Alan Smith attempts the unenviable task of explaining Ireland’s proportional representative system, to arm students with knowledge of where their numbers are going.
When the Irish electorate go to the polls on Friday 25th, we will be met by that familiar sheet of paper. Some might wonder why they can’t just put an ‘X’ next to their favourite, while others might enjoy ranking their prospective TD’s in numerical order. What does it all mean though? And how does this electoral system work?
Proportional Representation by the Single Transferable Vote, otherwise known in abbreviated form as PR-STV, has been used on this island to elect our local, national and European government since gaining independence.
Basically, PR-STV is considered to be a more democratic electoral system in comparison to, say, the British First Past the Post (FPTP) system because it is based on proportionality. FPTP can sometimes bring up unfair results (like the 2005 UK election where Labour picked up 35% of the vote and around 55% of the seats, but the Liberal Democrats got 22 % of the vote and just 10% of the seats.)
In its simplest form, you rank candidates in order of preference by marking a number next to their name: ‘1’ for your favourite, ‘2’ for the next best and so on. However, this is where some people get lost, how does it work from there and why does the counting process seem so damn complicated to the casual observer?
While it is perhaps unnecessary for regular voters to understand the full mechanics of the system, it does help to figure out what the process is behind the scenes in City Hall when the count begins. Indeed, counting halls will appear wonderfully chaotic on Saturday week, and it is worthwhile to pop your head in the door for a look and embrace the madness of it all.
Firstly, before you can pull on your anorak and act all nerdy, you’ll need to have some grasp of how it all works.
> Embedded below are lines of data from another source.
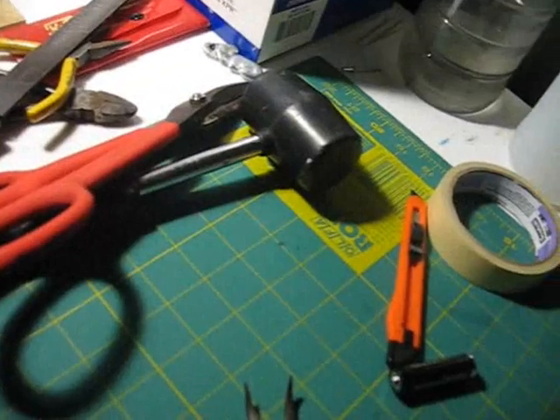Hey guys, this is me. Got my safety, and I'm going to show you in this video how to make the mini taser that was in my other video.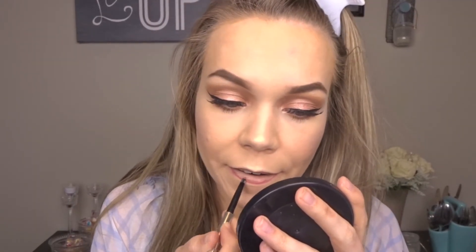Then I'm going to take this lip liner by Pure Cosmetics in the shade G117, which is just like a typical nude, and I'm going to blend that in and fill my lip all the way in.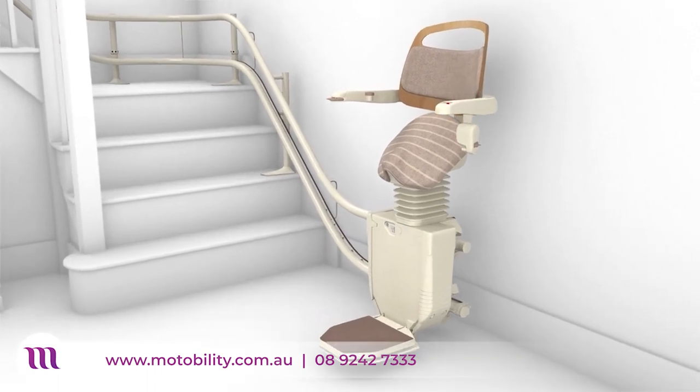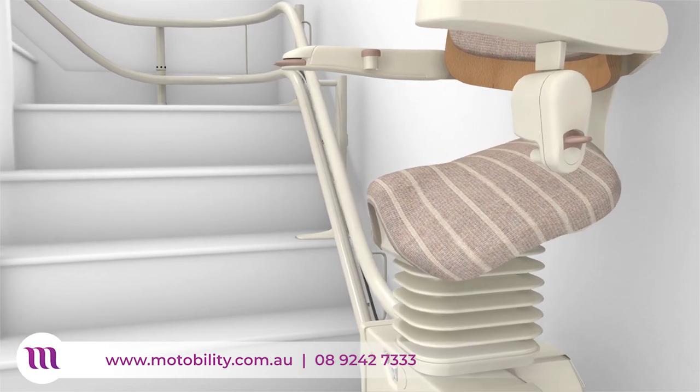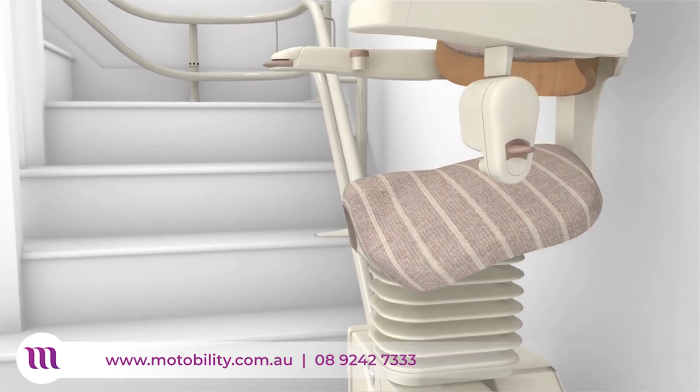The Sadler's innovative saddle-style seat lowers and raises with the user and, together with its elevated position, makes entry and exit easier and more convenient.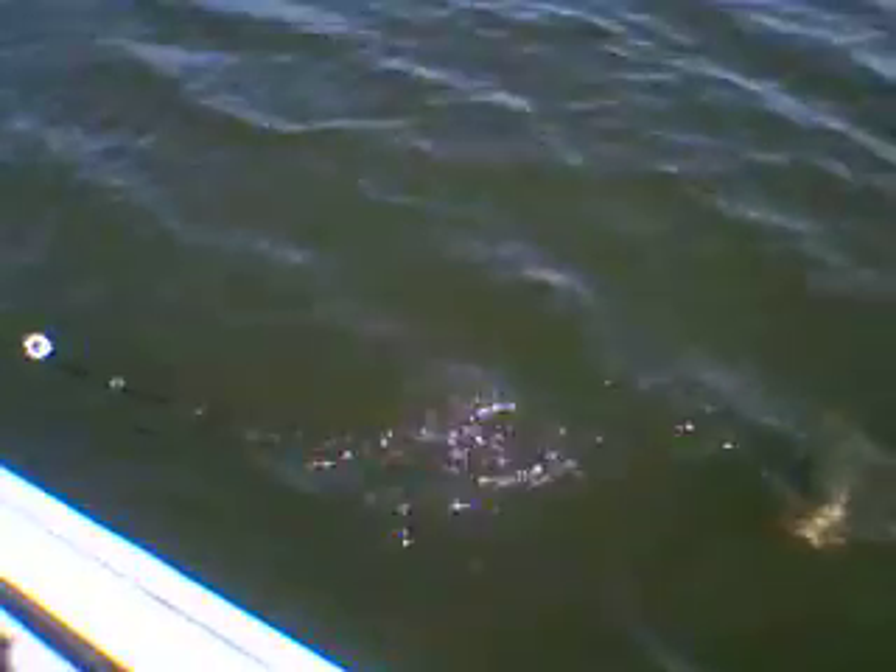There he is. Got one on, boys. This is a really good fish, boys. It's really important when you're fighting these fish, you've got to tighten up your drag, but make sure if these fish are real big, you've got to wash them. This is a good fish, boys.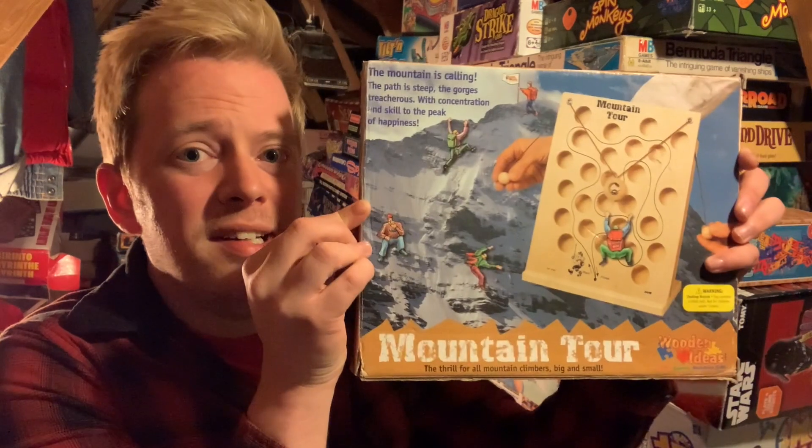Hey gang, I'm Luca and welcome to Down From The Attic. We're at the midpoint of ball bearing week and here's a quick little game of skill, a mounting tour.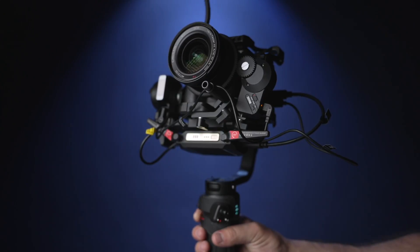Now your gimbal is fully rigged and ready to rock. And that's it for this video. Make sure you check out the other tutorials for this series on the Weeble 3 gimbal.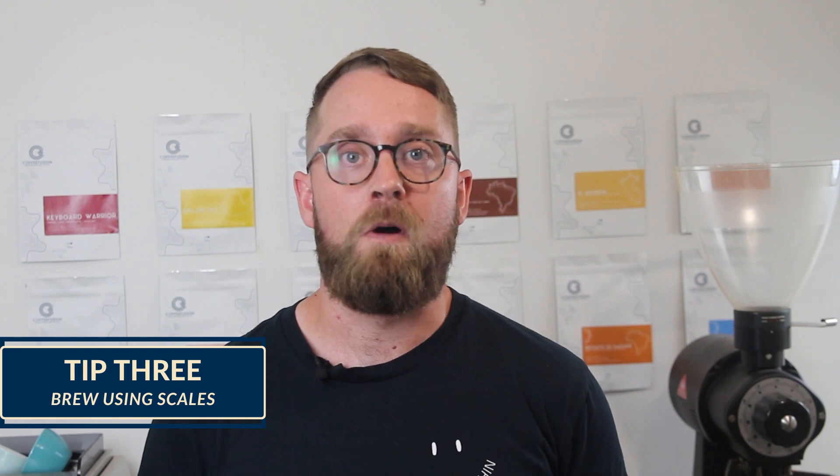After you're grinding fresh and using quality fresh beans, the next biggest change to brewing has been using scales. By using scales to brew, it is much easier to get consistent with your brewing. You can follow a recipe for however you're making coffee, which means you have a method to repeat your high quality results every time. And if there's something wrong with your coffee, you can also know which adjustment you need to make in order to make the next cup better.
The basic logic behind PR-STV is that in each constituency, a quota is set and candidates must reach that figure to be elected.
The ‘Droop Quota,’ which actually sounds like a wicked consequence of an over-the-top RAG week, is the total number of votes cast, divided by the amount of seats plus one, plus a further one. Take a three-seat constituency, such as Cork South West for example, and the quota would be 25% of the vote + 1. Simple!
Well, maybe not. But what it does guarantee is that the system is incredibly proportional and fair. Let’s presume that we are in a mini little constituency now, where there are two seats up for grabs. Just 30 people vote, and using the above formula, the quota becomes 11 votes for the first seat.
On the first count, each voter’s first preference will be counted. If a candidate reaches the quota within that amount of time, then his surplus votes will be transferred over to the others. The surplus, basically, is the amount of votes over the quota a candidate obtains in the round. So say John Smith needs a quota of 1,000 votes to be elected, but ends up with 1,234: the surplus of 234 will be transferred in the second round.
If no candidate reaches the quota, the person with the lowest number of votes will be eliminated, and the same method is applied where those second preferences from all the eliminated candidates’ votes, rather than a surplus seeing as they haven’t reached a quota, will be transferred in the next count.
Now, this is where your number two comes into play. Whether it is because of elimination or a candidate is elected, your second choice preferences will be transferred over into the second round and the same formula is implied again and again until the required amount of candidates reach the quota.
If there still isn’t a candidate elected by the end of round two, which is unusual, then the lowest hopeful TD will be eliminated and the same formula will be applied again. The same methodology goes for a candidate elected on the second count, only difference being that it is your third preference that is being counted next time round.
And that in itself is the reason why you should put down more than one choice on the ballot paper, because even a second preference vote will count if your first choice is eliminated or elected.
Still a little bit confused? I can’t blame you. Nevertheless, even a brief knowledge of the workings can be a benefit to you as you go to the polls on Friday week, and with an unprecedented turnout expected, you can impress (or maybe scare off) those around you with your impressive knowledge of the count.